▸ DIRECTIONS FOR THIS TASK:
Exact copy, no pictures: repeat the data that follows.

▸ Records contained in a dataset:

[Start of Attachment]

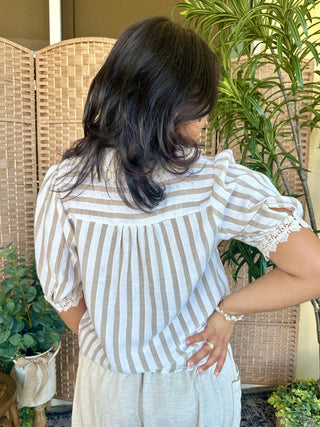 Alternate view of Walk on the Beach Natural Striped Collar Top
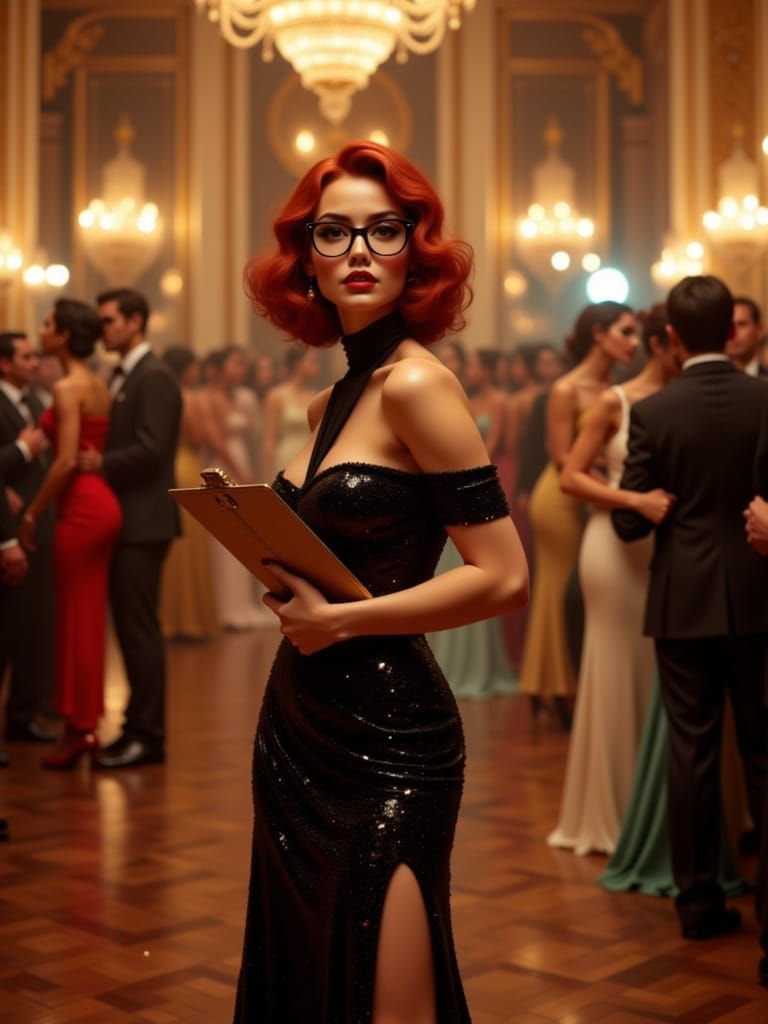Redhead in Sequined Dress Appraises Viewer on Dance Floor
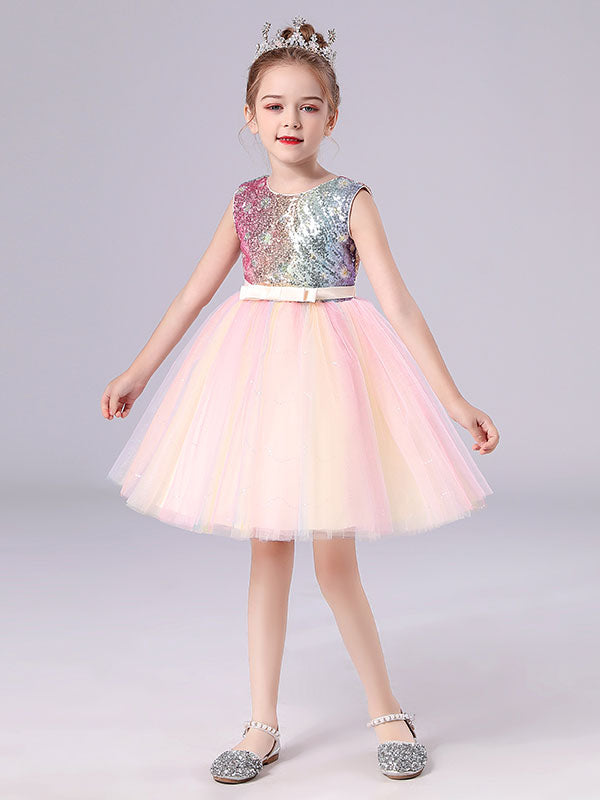 Pink Jewel Neck Sleeveless Bows Kids Social Party Dresses Sequined Tulle Short Dress-showprettydress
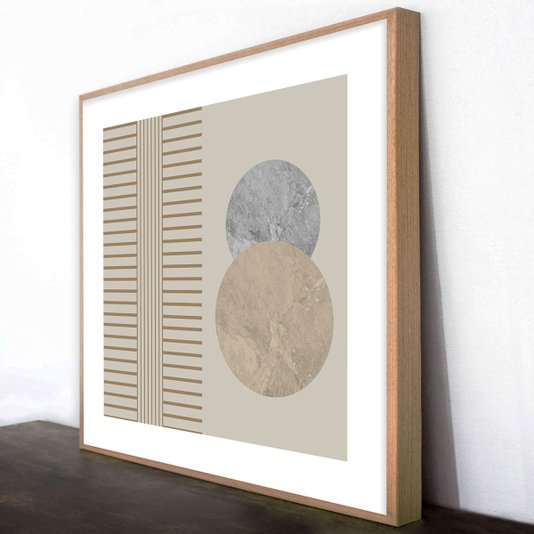 Quadro Decorativo Geométrico Arte Moderna com Círculos em Fundo Nude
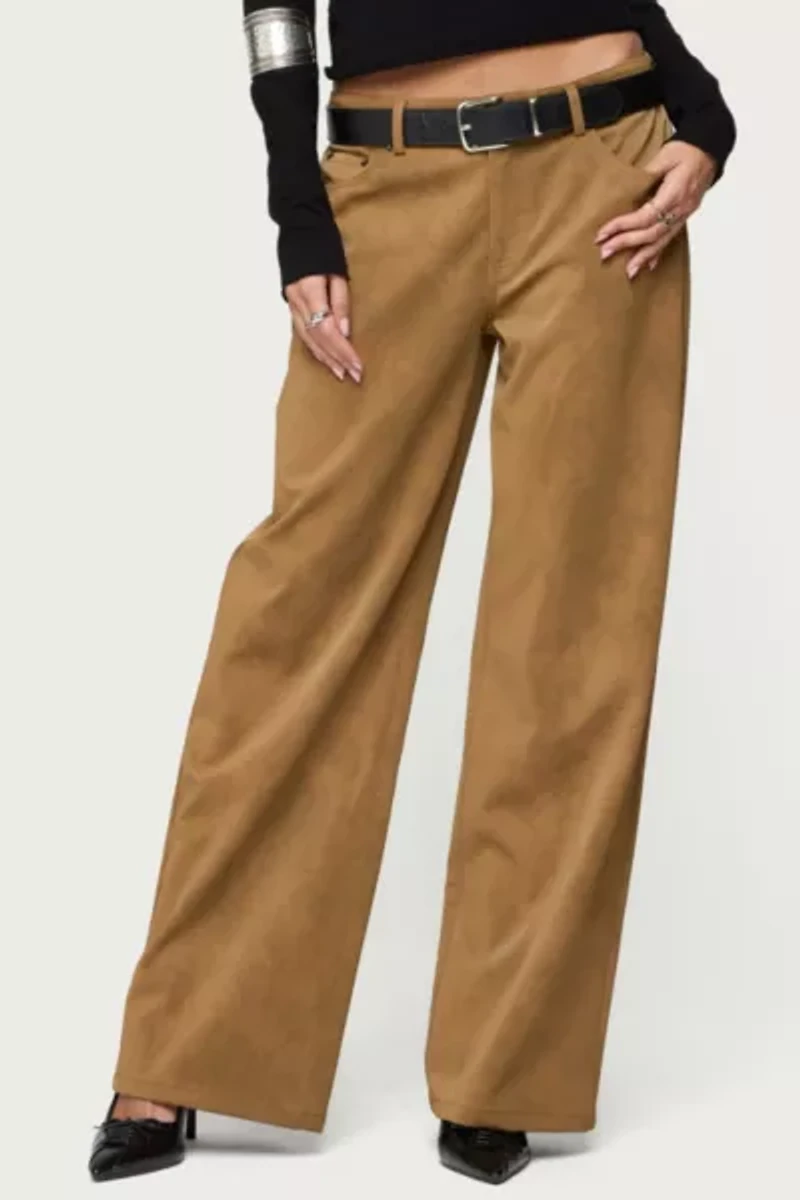 Edikted Stacey Low Rise Faux Suede Pants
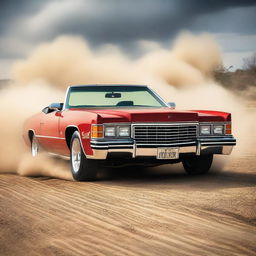 A detailed image of a 1973 Cadillac Eldorado convertible modified for rally racing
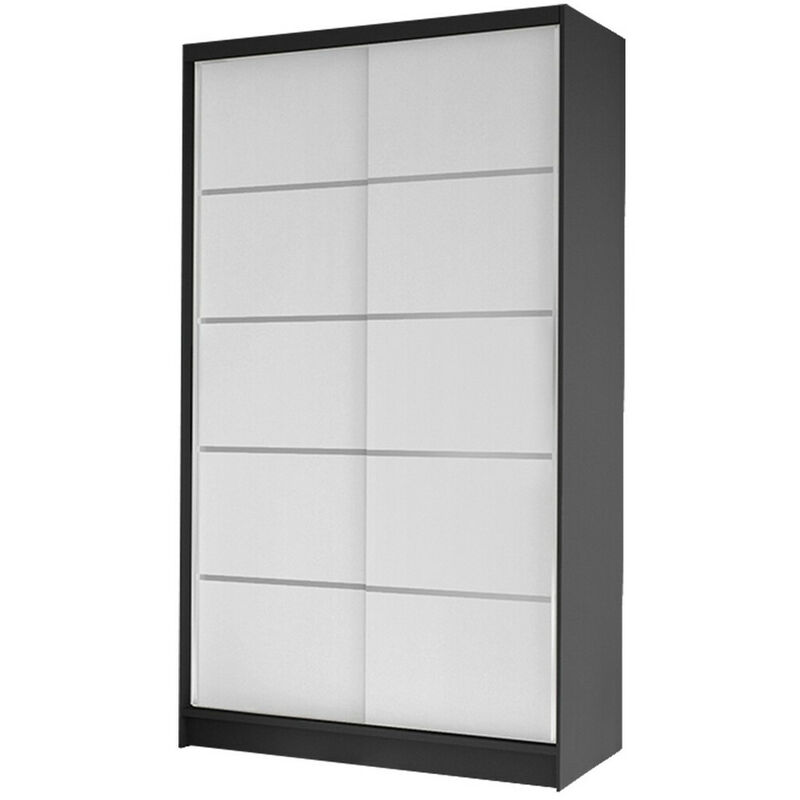 Mobilier1 - Armoire Closico 167, Noir + Blanc, 200x100x58cm, Portes d'armoire: Coulissantes, Nombre d'étagères: 0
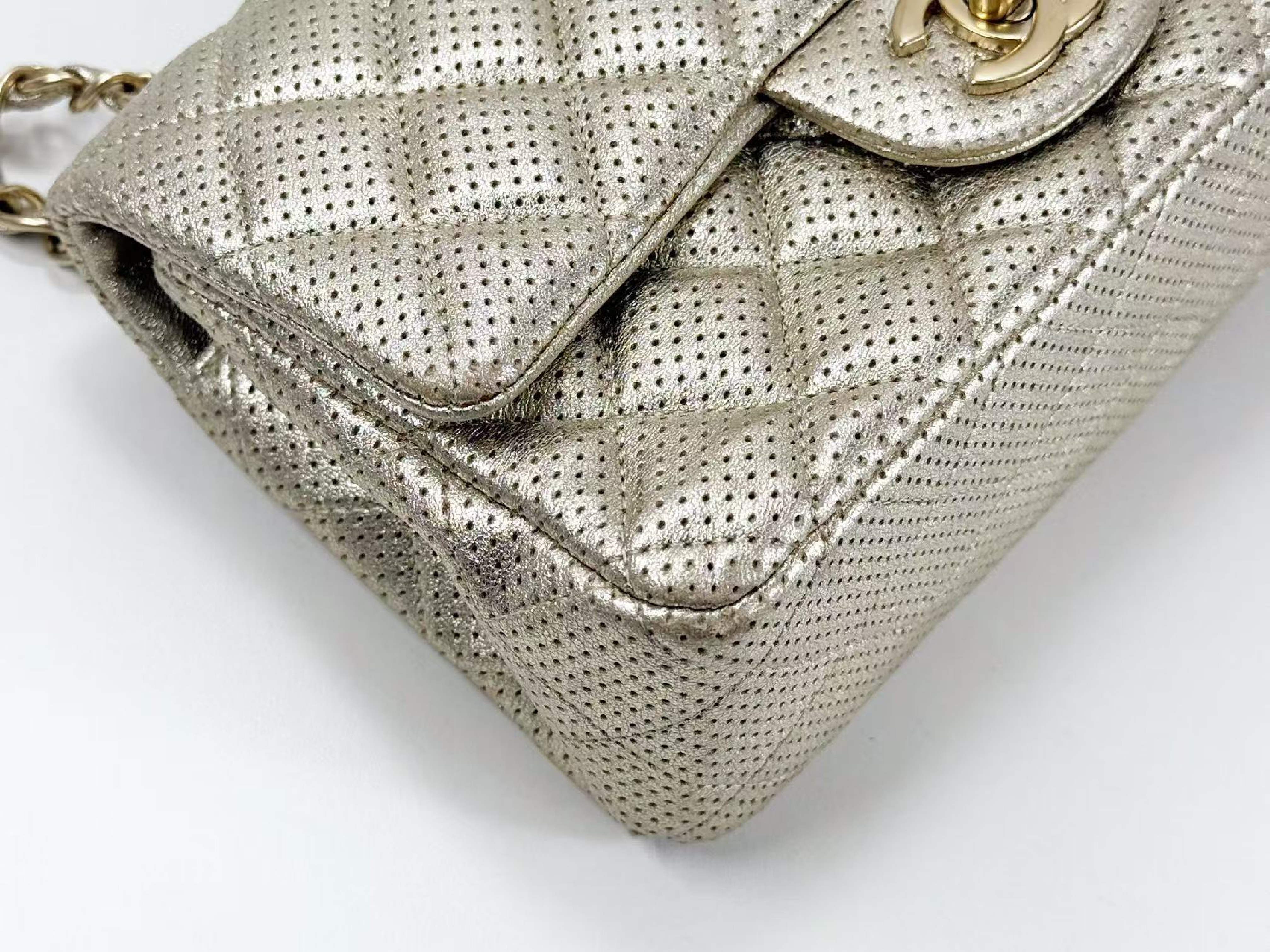 Mini Matelassé Perforated Champagne Gold Shoulder Bag, W20/H12/D6cm (approx.), Serial Number in the 20s, with dust bag and seal, matte gold hardware, 20431722. — view 9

[End of Attachment]

▸ REPLY TO THE TASK:
 Alternate view of Walk on the Beach Natural Striped Collar Top
Redhead in Sequined Dress Appraises Viewer on Dance Floor
 Pink Jewel Neck Sleeveless Bows Kids Social Party Dresses Sequined Tulle Short Dress-showprettydress
 Quadro Decorativo Geométrico Arte Moderna com Círculos em Fundo Nude
 Edikted Stacey Low Rise Faux Suede Pants
 A detailed image of a 1973 Cadillac Eldorado convertible modified for rally racing
 Mobilier1 - Armoire Closico 167, Noir + Blanc, 200x100x58cm, Portes d'armoire: Coulissantes, Nombre d'étagères: 0
 Mini Matelassé Perforated Champagne Gold Shoulder Bag, W20/H12/D6cm (approx.), Serial Number in the 20s, with dust bag and seal, matte gold hardware, 20431722. — view 9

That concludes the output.